Data is any fact, figure or any information that we use or store or communicate. In essence, data is everywhere, your click on your mobile screen or you asking Alexa to set an alarm, what cashbacks/rewards you have availed, and so on and on.
While working with data we essentially have to do three steps:
- Extract data from source (E)
- Transform to desired format (T)
- Load to desired destination (L)
First let us understand a few problems that one might encounter while working with data.
1. The amount of data that is being collected
With the abundance of data intensive applications, the amount of data produced is huge. Applications collect data for every interaction and events. Manually working with these large datasets becomes too tiresome and impossible in some cases.
2. Collecting data from multiple sources
Different pieces of required information are often present in different sources. One has to club data coming from multiple sources to get useful information. A lot of resources/infrastructure are spent providing secure and reliable connection to these sources. Whole code and packages/libraries have to be written for writing (producing) as well as reading (consuming) from another service in a reliable and resilient way.
3. Different formats of data from different sources
Multiple applications use their data in their own customized way. Thus sharing data between different sources leads to discrepancy in data formats. Data has to be transformed in the route between source and destination.
4. Lots of noise in the data
The data that is not relevant for the use case or that does not possess any significant information is noise. These large datasets contain huge amounts of noises as well. All of the data is not valuable for any application. Noises have to be removed for providing visibility for the required data.
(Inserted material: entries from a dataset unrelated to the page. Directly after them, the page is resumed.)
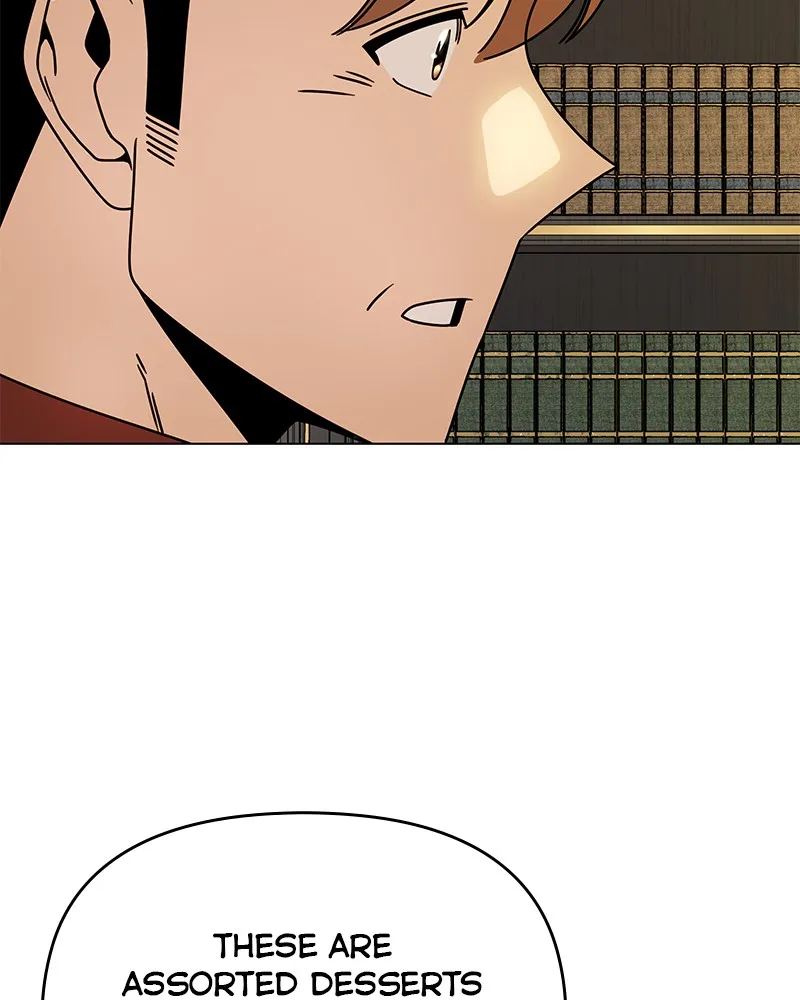Resigning and Healing in Another World Chapter 70 page 27 - 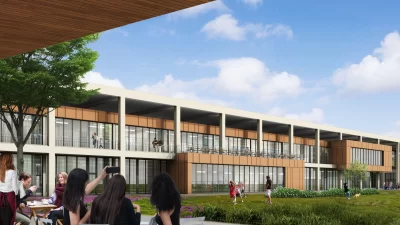 Kocaeli’yi hizmetleriyle geleceğe taşıyan, sosyal sorumluluk bilinciyle de önemli yatırımları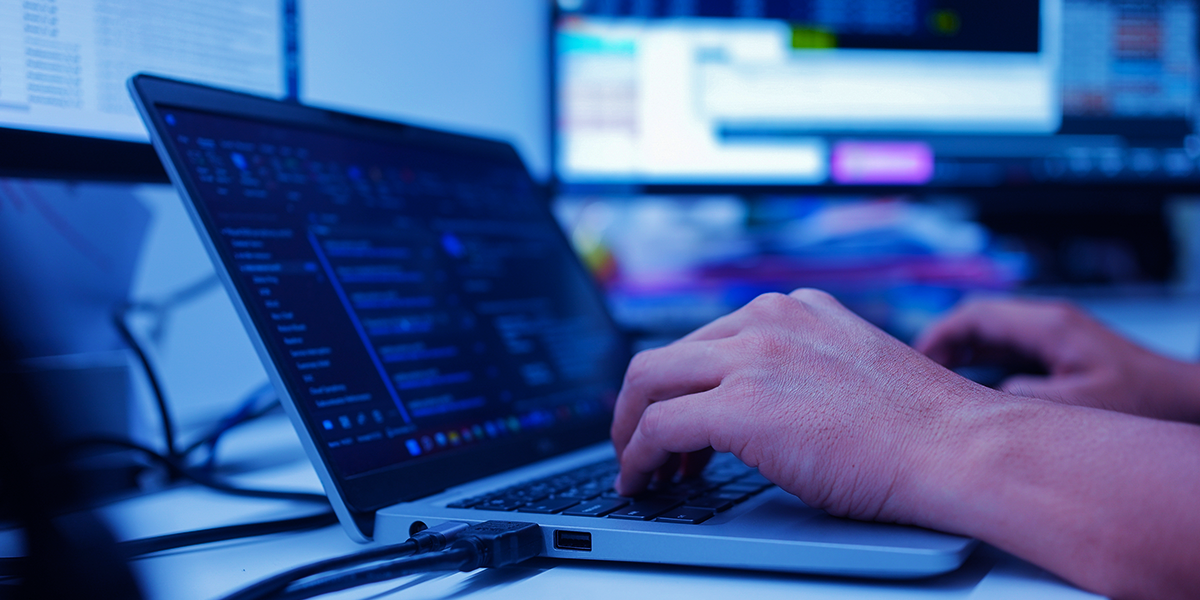 como-a-webplus-impulsiona-o-setor-de-msps-no-brasil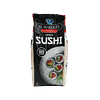 Arroz Para Sushi El Marques Bolsa 900gr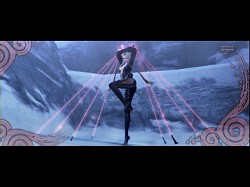 画像ギャラリー No.006のサムネイル画像 / 無限の銃弾で敵を殲滅!「戦国BASARA3」“雑賀孫市”のプレイムービーを掲載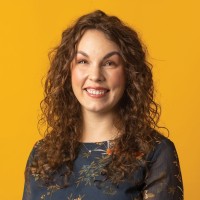 AIM Clinics Employee Breanna Hammons's profile photo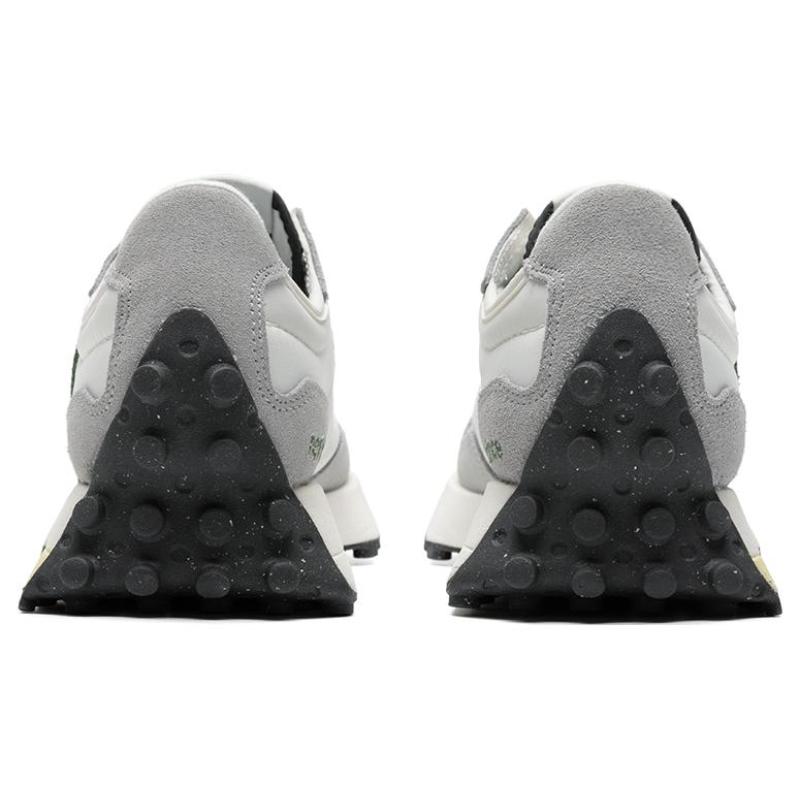 New Balance 327 Raincloud Nori Women's Sneakers WS327PU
5. Writing complex and long codes for data transformation
Huge amounts and different formats of data overwhelms the person working on it. One has to write large number of lines of code to:
- Build a resilient and reliable data system
- Handle and transform different formats
Now that we have understood how painful it is to work with large amounts of non uniform data, let us see what NiFi has in store to solve these problems.
NiFi is built for the purpose to easily and efficiently automate the data flow from source to destination.
NiFi is a powerful tool that can be used to automate, schedule, transform data, send alerts and so on and on and on. It enables to create extensive data flows in an intuitive easy to use format.
1. Built to handle large amounts of data
There is no restriction on data size when working with NiFi (only our infrastructure should be configured to handle large volumes of data). NiFi is designed to move large amounts of data. It also provides features like load balancing the data, prioritized queuing while moving data from one processor to another.
2. Provide large number of processors
NiFi provides 288 (as of 1.12.1 version) number of processors to perform different sets of transformations, thus making it a powerful tool that can handle almost all the use cases of data transformation. From taking a file from a local system to dumping the data into the azure buckets, all are covered with NiFi.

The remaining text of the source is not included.